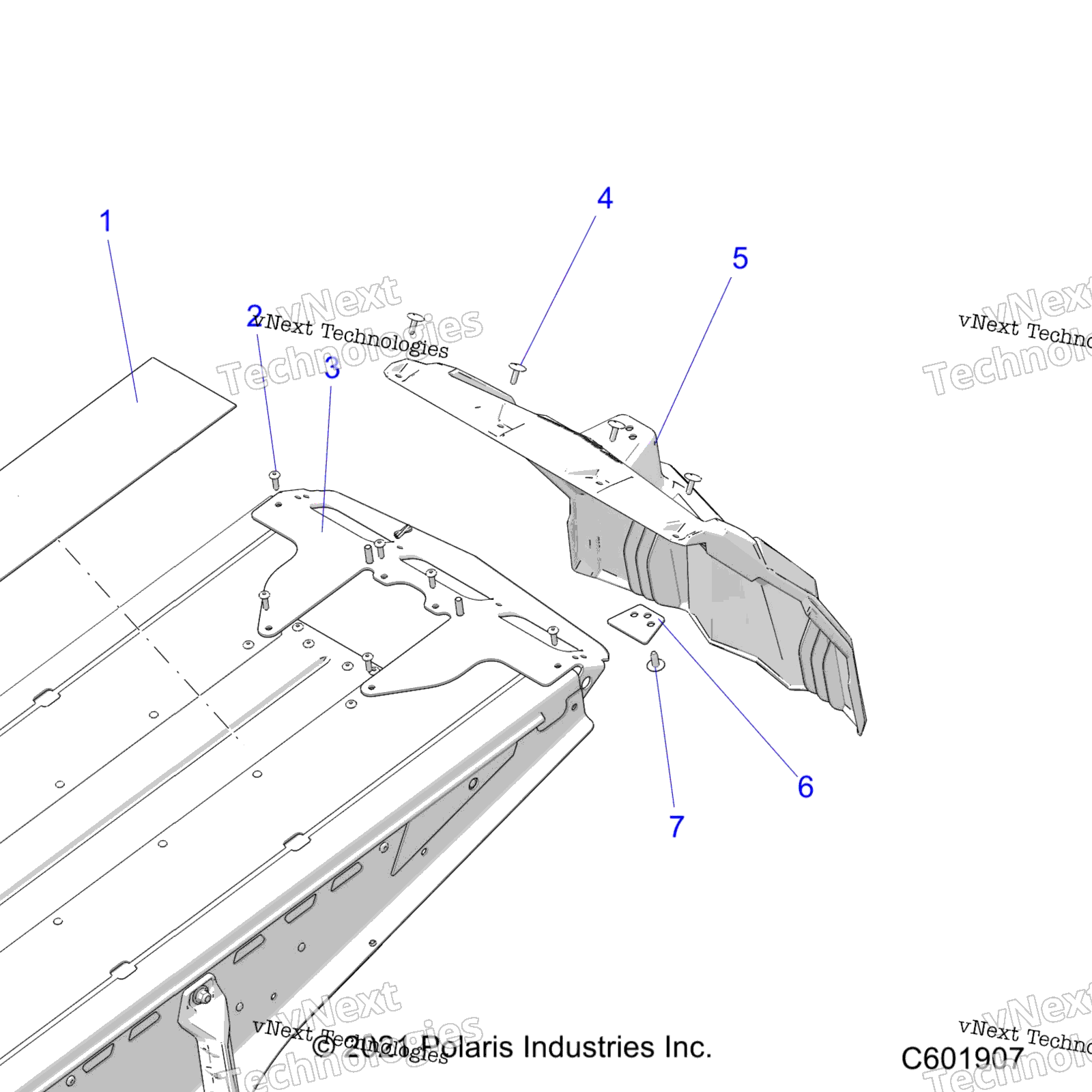 Chassis, задний Closeoff и Snowflap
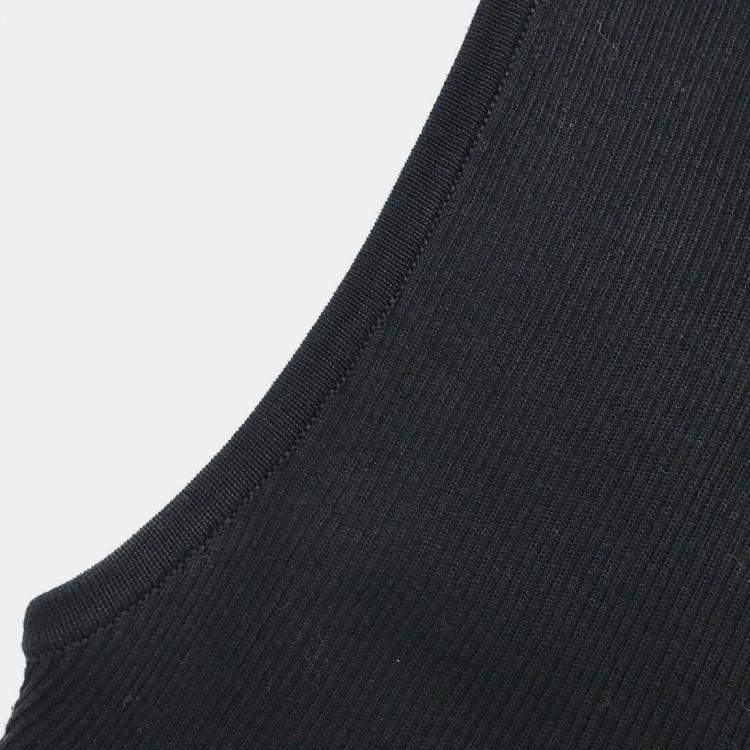 Pre Owned Chanel Sleeveless Tank Top Cropped Black P95 M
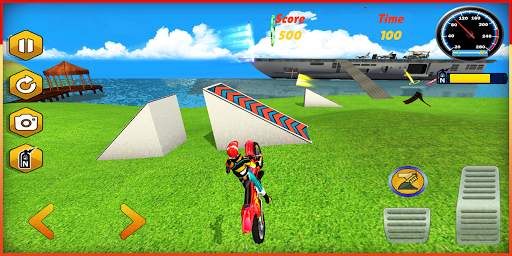 Motocross Island Jumping: Stunt Bike Racing Game screenshot 5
* * * * * * *
* Assignment: Repeat every line of the data above exactly, but drop the pictures.

* Solution:
 Chassis, задний Closeoff и Snowflap
 Pre Owned Chanel Sleeveless Tank Top Cropped Black P95 M
 Motocross Island Jumping: Stunt Bike Racing Game screenshot 5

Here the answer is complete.